Walton and Comcare (Compensation)
[2016] AATA 70
•11 February 2016
Walton and Comcare (Compensation) [2016] AATA 70 (11 February 2016)
Division
GENERAL DIVISION
File Number(s)
2011/2833
Re
Ian Walton
APPLICANT
And
Comcare
RESPONDENT
DECISION
Tribunal Senior Member J F Toohey
Date 11 February 2016 Place Sydney Mr Walton’s application for reinstatement is refused.
...............................[sgd].........................................
Senior Member J F Toohey
CATCHWORDS
PRACTICE AND PROCEDURE – reinstatement – application for review withdrawn – application for reinstatement – whether application could be reinstated – whether application dismissed in error – application to reinstate refused
LEGISLATION
Administrative Appeals Tribunal Act 1975, ss 42A
CASES
Goldie v Minister for Immigration and Multicultural and Indigenous Affairs (2002) 72 ALD 652
Re Myers and Commissioner of Taxation [2004] AATA 1337
Re Walls and Comcare [2015] AATA 697
Re Wicke-Fitzgerald and Secretary, Department of Education, Employment and Workplace Relations [2008] AATA 811; 104 ALD 662REASONS FOR DECISION
Senior Member J F Toohey
11 February 2016
Background
On 19 July 2011, Mr Walton sought review by the Tribunal of a determination by Comcare to reject his claim for compensation under the Safety Rehabilitation and Compensation Act 1988 for a psychological injury sustained at work in September 2010.
On 6 September 2011, the Tribunal received an email from Mr Walton in which he stated:
I am writing to inform you that due to a number of changes in personal circumstances and my imminent separation from the Department of Defence … I am unable to continue with my application to the Administrative Appeals Tribunal.
Please find attached my notice of withdrawal Reference file No. 2011/2833.
On 7 September 2011, the Tribunal sent Mr Walton a letter confirming receipt of his “request” to withdraw his application and advising that, in accordance with s 42A(1B) of the Administrative Appeals Tribunal Act 1975 (AAT Act), his application had been finalised by way of dismissal on 6 September 2011.
The reference in the Tribunal’s letter to Mr Walton’s “request” for withdrawal suggests some form of approval by the Tribunal was required, but that is not so. A person who has made an application for review may at any time notify the Tribunal in writing to the effect that the application is discontinued or withdrawn: s 42(1A). Where such notice is given, the application is dismissed by operation of s 42(1B).
Application to reinstate
On 23 September 2015, Mr Walton wrote to Comcare requesting reconsideration of his claim on the basis that he had new evidence. Comcare replied to the effect that he would need to contact the Tribunal to discuss whether he could “reactivate his application”.
On 21 October 2015, Mr Walton wrote to the Tribunal by email as follows:
I wish to reinstate and register my matter which I withdrew on 6/9/2011, due to the current advice provided to me by Comcare on the 15 October 2015. …
I have in October 2015 provided new evidence to Comcare in regards to this matter and would appreciate the opportunity to have it reopened.
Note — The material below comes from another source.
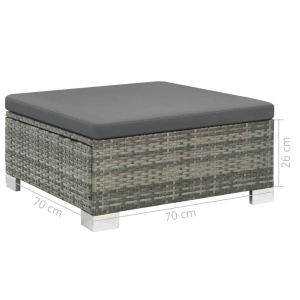 Set mobilier de grădină cu perne, 10 piese, gri, poliratan - Img 10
The matter was never reviewed by the Administrative Appeals Tribunal. At the time I withdrew the application due to my overwhelming personal circumstances of state of Injury/Health.
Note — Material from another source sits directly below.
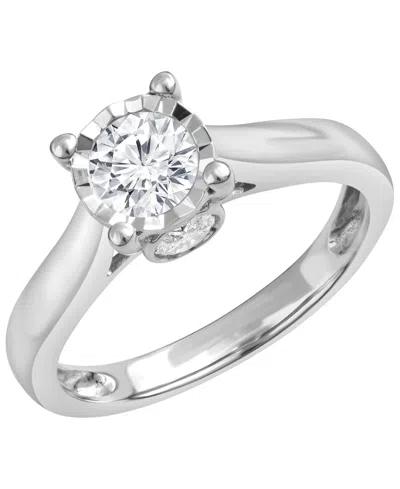 Macy's Certified Diamond Ring (1 Ct. T.w.) In 14k White Gold In Silver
In support of his application, Mr Walton has made written and oral submissions. He describes 2011, when he withdrew his application, as a turbulent time in his life. In particular, he says he was suffering the effects of the injury for which he claimed compensation. He says he had legal advice at the time that he should withdraw his application, but he was not advised about the effects of doing so; he intended to withdraw at that time only and to revisit his application once his health had improved. Further, Mr Walton says, he was not afforded procedural fairness by Comcare in making its decision and he has now obtained new information that supports his claim. He asks that consideration be given to his special circumstances.
Comcare opposes Mr Walton’s application.
Relevant legislation
Section 42A of the AAT Act concerns the discontinuance, dismissal and reinstatement of applications. Sub-sections 42A (8), (8A), (9) and (10) concern reinstatement.
Sub-sections 42A(8), (8A) and (9) concern reinstatement of an application that has been dismissed under s 42A(2) of the AAT Act for failure by the applicant to appear before the Tribunal. In such cases, the applicant may apply within 28 days of notification of the dismissal for reinstatement of the application, and the Tribunal may reinstate the application if it considers it appropriate to do so.
Mr Walton’s application was not dismissed under s 42A(2). It follows that the power in
s 42A(9) is not enlivened.
The only power by which the Tribunal can reinstate an application that has been dismissed under s 42A(1B) comes from s 42A(10) which provides:
If it appears to the Tribunal that an application has been dismissed in error, the Tribunal may, on the application of a party to the proceeding or on its own initiative, reinstate the application and give such directions as appear to it to be appropriate in the circumstances.
As the language of s 42A(10) makes clear, the discretion to reinstate under that provision relies on the Tribunal first identifying an error in the dismissal of the application.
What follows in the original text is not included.